Originally posted by audiobomber This is the sort of lie you constantly throw around. M4/3 MILCs have not caught up to APS-C, and never will. Sony MILC's are APS-C, so IQ is the same, but they are not cheaper than DSLR's. Good luck shooting sports, wildlife or BIF with the back of a MILC, or a slow cartoonish EVF.

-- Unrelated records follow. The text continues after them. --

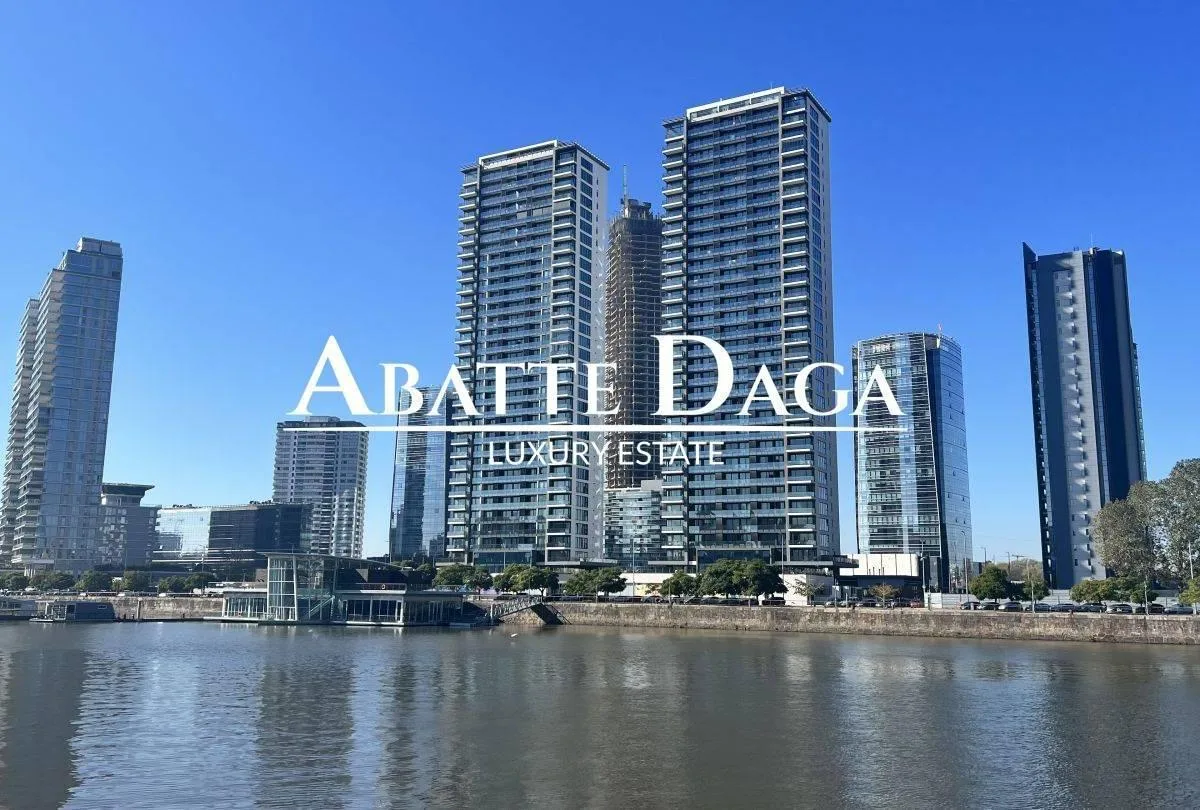 Меблированная квартира-студия с террасой в Puerto Madero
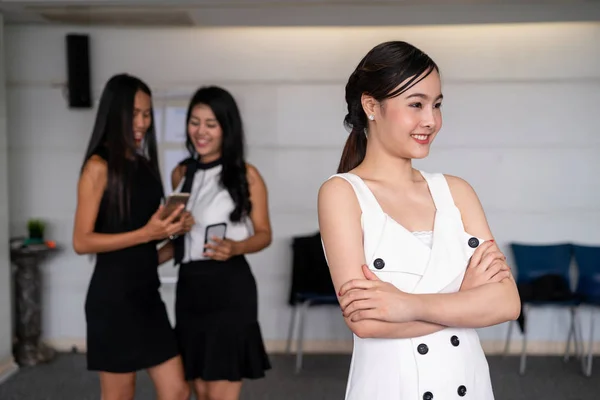 Jonge Aziatische zakenvrouwen in functie. — Stockfoto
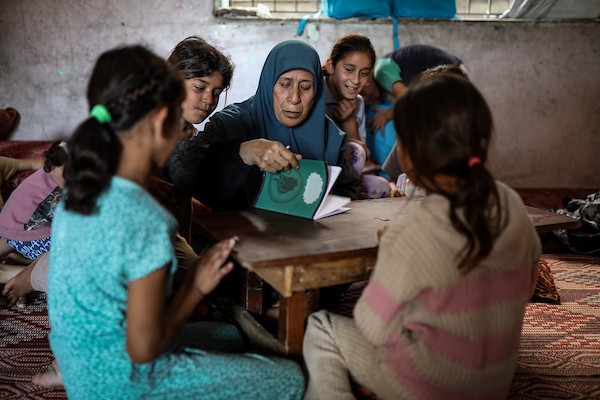فلسطينيون نازحون يواصلون حياتهم اليومية داخل مدرسة حُوّلت إلى مأوى مؤقت في مدينة غزة، في الذكرى الثالثة لاندلاع الحرب، 7 أكتوبر/تشرين الأول 2026. تصوير: بلال أسامة.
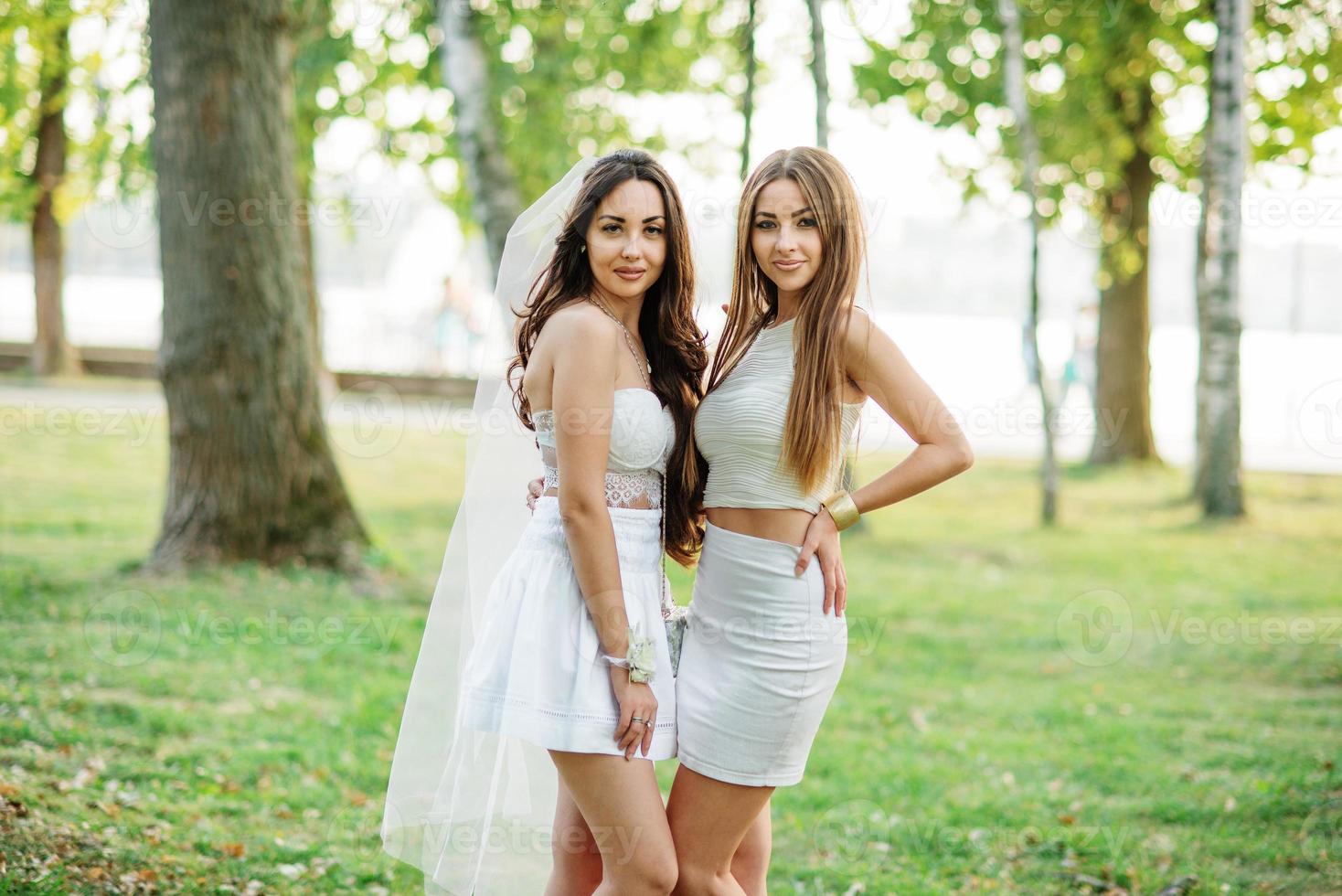 duas amigas se divertindo no parque na festa de despedida. foto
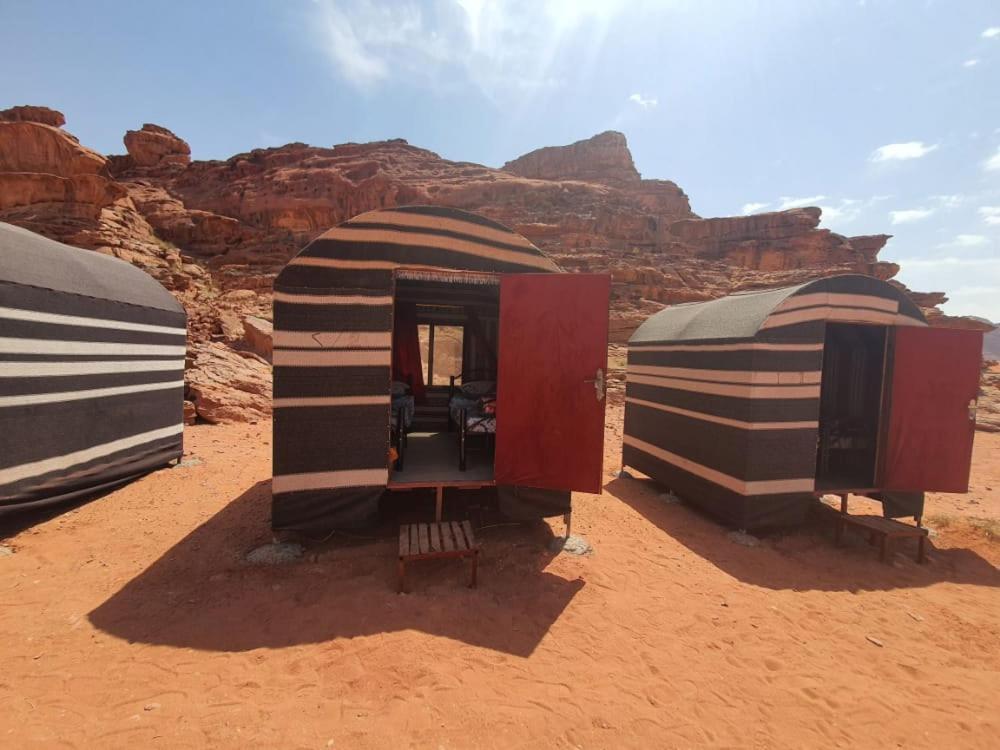 Bedouin Family Camp Hotel Wadi Rum Exterior foto
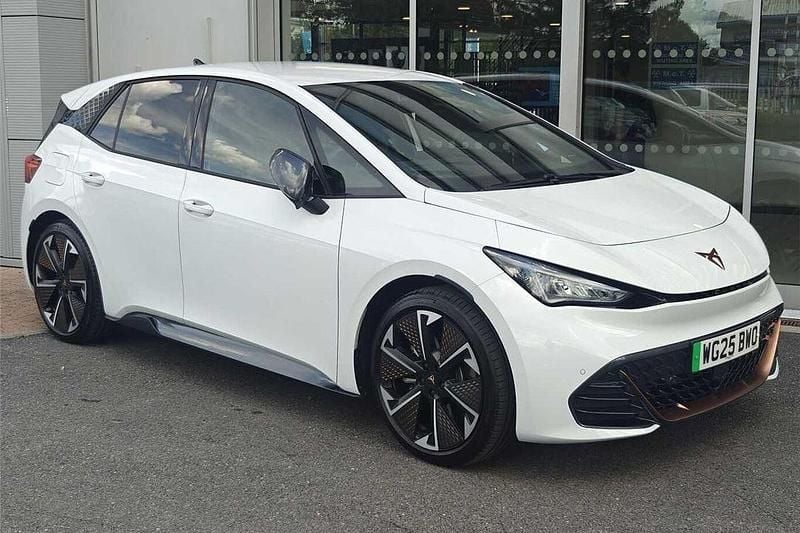 White Used 2025 Cupra Born e-Boost Hatchback | £32,995 - Image 1/4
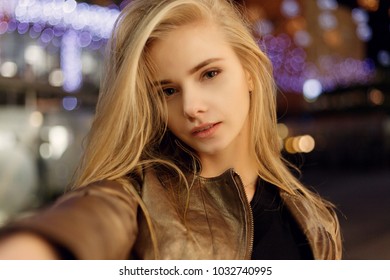  16,184 Night selfie Images, Stock Photos & Vectors | Shutterstock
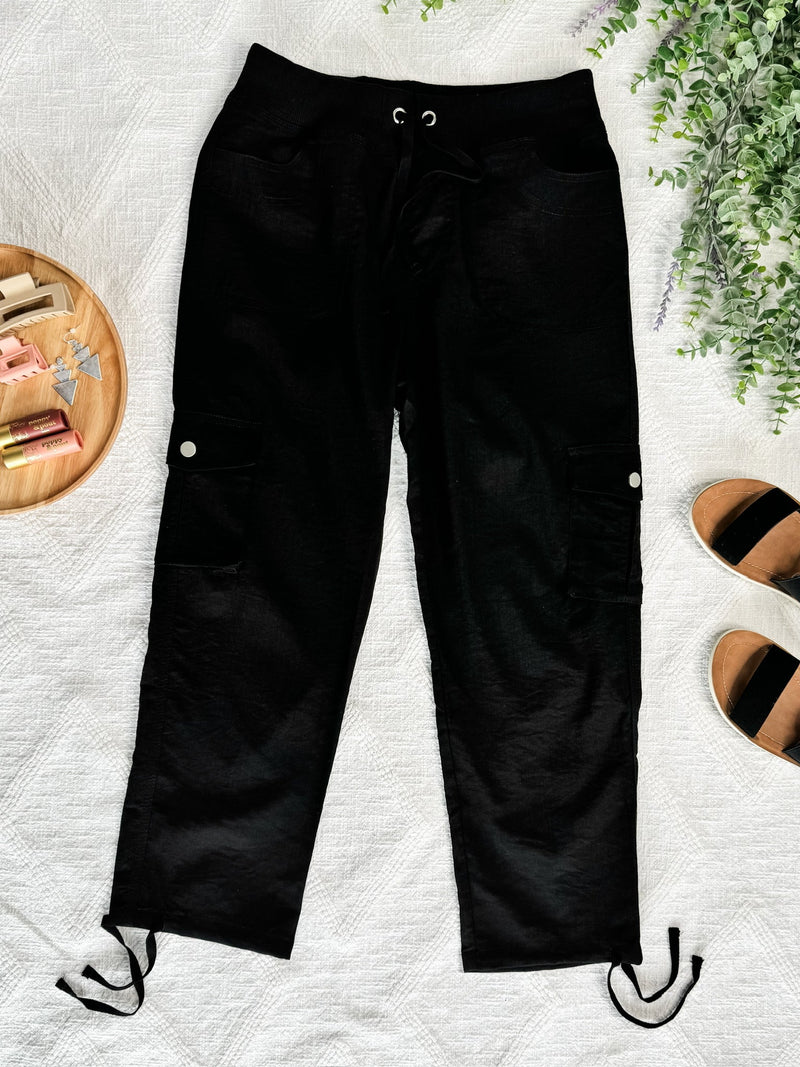 Lightweight Cropped Cargo Dressy Pants In Deep Black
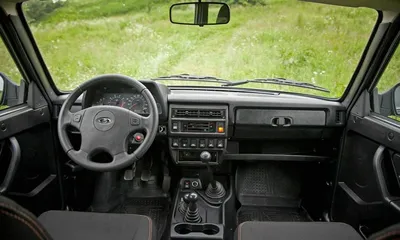 9229353_100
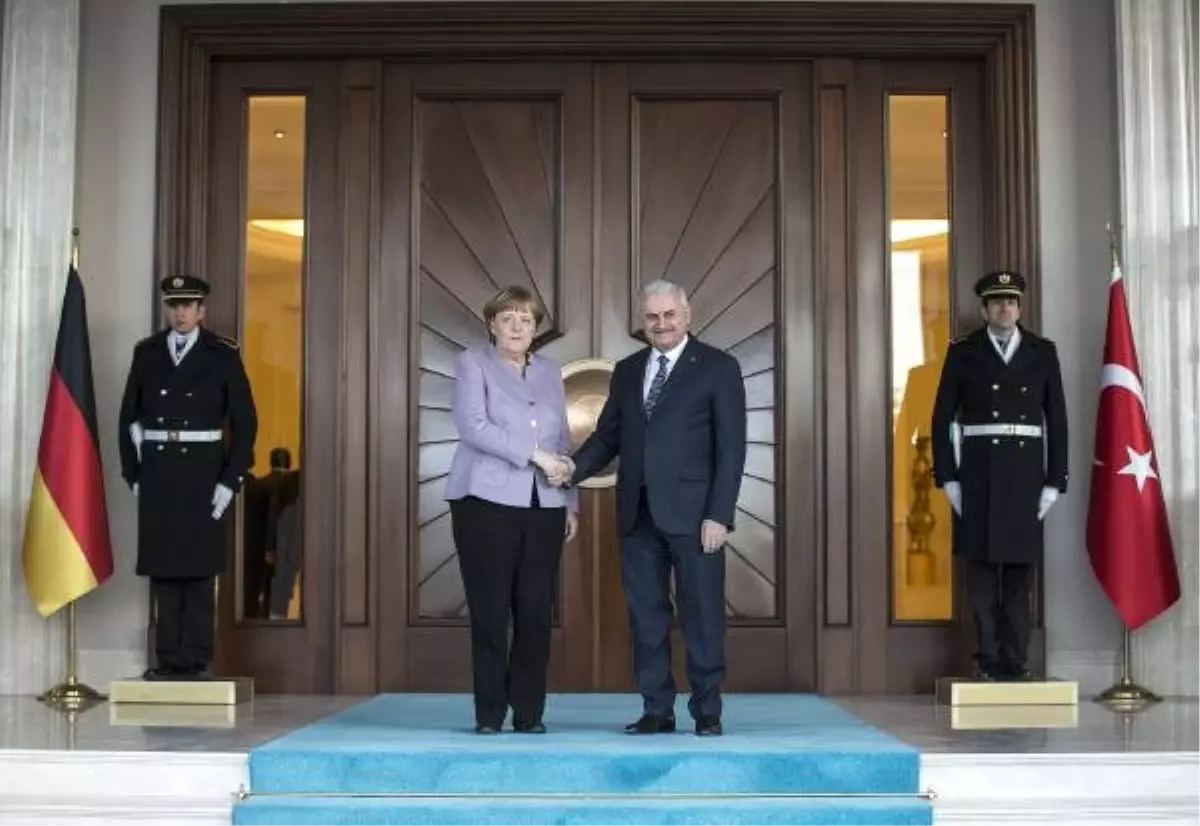 Yıldırım-Merkel Görüşmesi Başladı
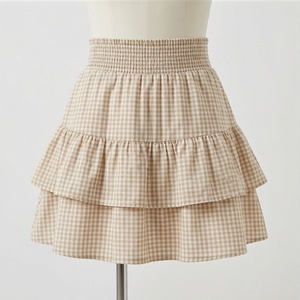 Jupe courte à carreaux pour femme, taille élastique, style A, avec volants, style doux - Product Image 1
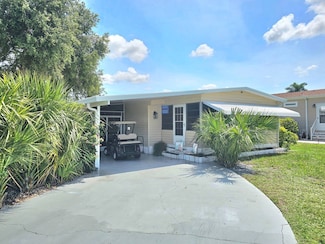 25 Pedro Ct Unit 136, Fort Myers, FL 33908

DPreview and DxOMark disagree with you on the m4/3 vs. APS-C image quality debate, if you think those sites have little influence well...good luck swaying the market. Sony has plenty of NEX cheaper than Pentax DSLRs, and they're making strides in hybrid AF as we speak. and finally....who shoots sports with Pentax? all those things you mentioned can be and are being done just fine (and professionally) with FF...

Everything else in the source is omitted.